* [What you will do] Write out the entries exactly, leaving out every picture.

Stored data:
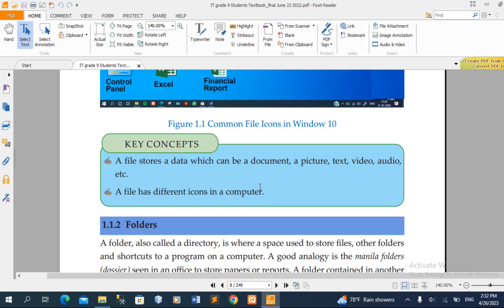The file has different icons on the computer. For example, you can explore an Excel file. In Excel you can create a word file, a word processor, a PowerPoint, a picture, an application, etc.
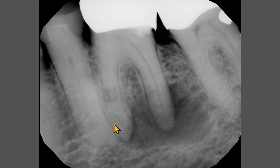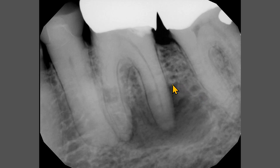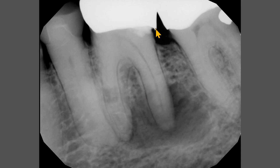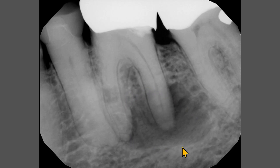There is a radiolucency extending from the mesial root of the first molar almost to the mesial root of the second molar. Superiorly, this radiolucency is at the middle third of the distal root. Because this tooth has a large crown with a defective posterior margin, maybe we can think of a pulpal exposure and consider a radicular cyst.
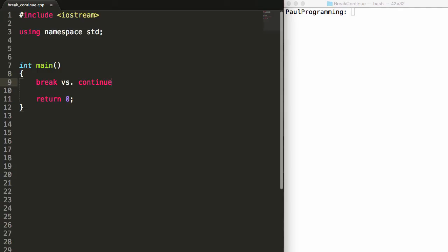Hey everybody, this is Paul. In this video I'm going to be explaining the difference between the break and the continue keywords that are used in C or C++.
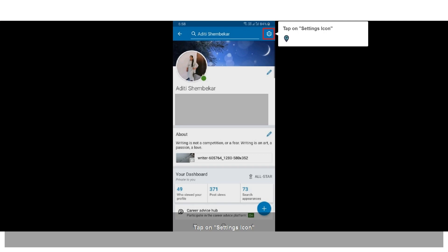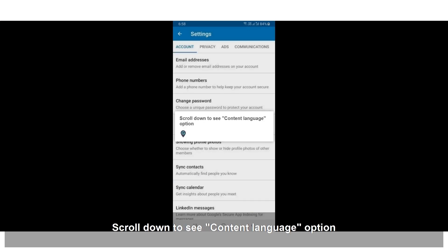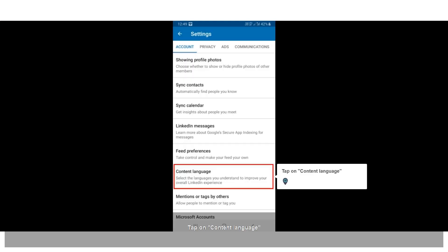Tap on the settings icon. Scroll down to see the content language option. Tap on content language.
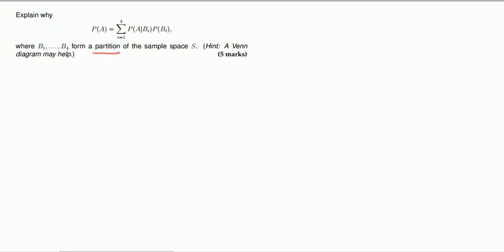Hi everyone, Phil here. Today we're going to go ahead and prove this result. It's a very important result that you see even in a basic stats course, so you should know how to apply it even if you don't need to prove it. This result goes by various names. Law of total probability is probably the most popular. It's also called the partition theorem.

* [Solution]
The file has different icons on the computer. For example, you can explore an Excel file. In Excel you can create a word file, a word processor, a PowerPoint, a picture, an application, etc.
There is a radiolucency extending from the mesial root of the first molar almost to the mesial root of the second molar. Superiorly, this radiolucency is at the middle third of the distal root. Because this tooth has a large crown with a defective posterior margin, maybe we can think of a pulpal exposure and consider a radicular cyst.
Hey everybody, this is Paul. In this video I'm going to be explaining the difference between the break and the continue keywords that are used in C or C++.
Tap on the settings icon. Scroll down to see the content language option. Tap on content language.
Hi everyone, Phil here. Today we're going to go ahead and prove this result. It's a very important result that you see even in a basic stats course, so you should know how to apply it even if you don't need to prove it. This result goes by various names. Law of total probability is probably the most popular. It's also called the partition theorem.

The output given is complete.